GIVEN DATA
•••

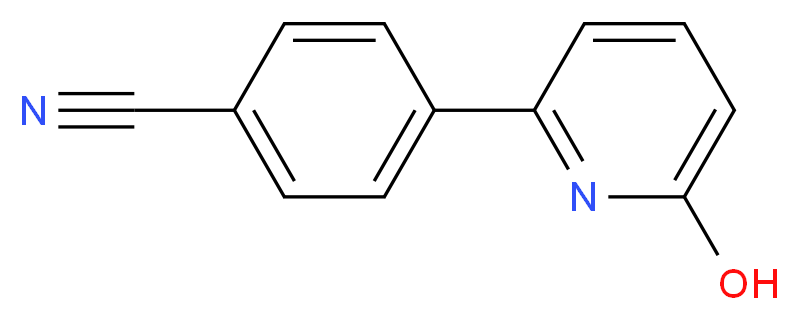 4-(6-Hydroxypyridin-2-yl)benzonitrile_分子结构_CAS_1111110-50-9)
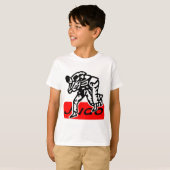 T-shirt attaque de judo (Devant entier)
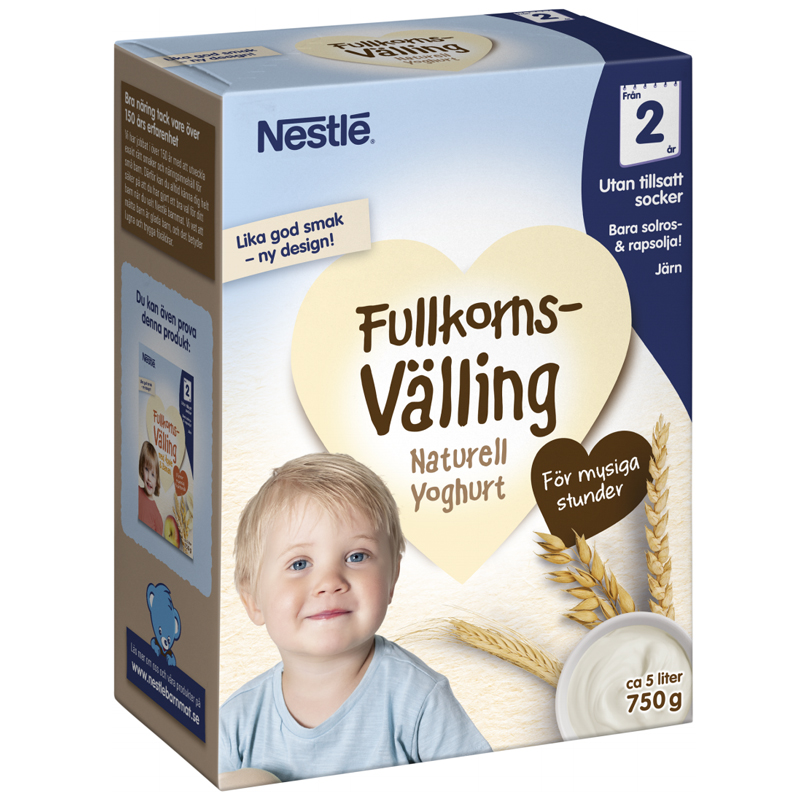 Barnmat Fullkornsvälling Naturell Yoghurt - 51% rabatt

•••

EXERCISE BRIEF
Set the material above down again word for word. Include none of its pictures.

SOLUTION TO THE EXERCISE
 4-(6-Hydroxypyridin-2-yl)benzonitrile_分子结构_CAS_1111110-50-9)
 T-shirt attaque de judo (Devant entier)
 Barnmat Fullkornsvälling Naturell Yoghurt - 51% rabatt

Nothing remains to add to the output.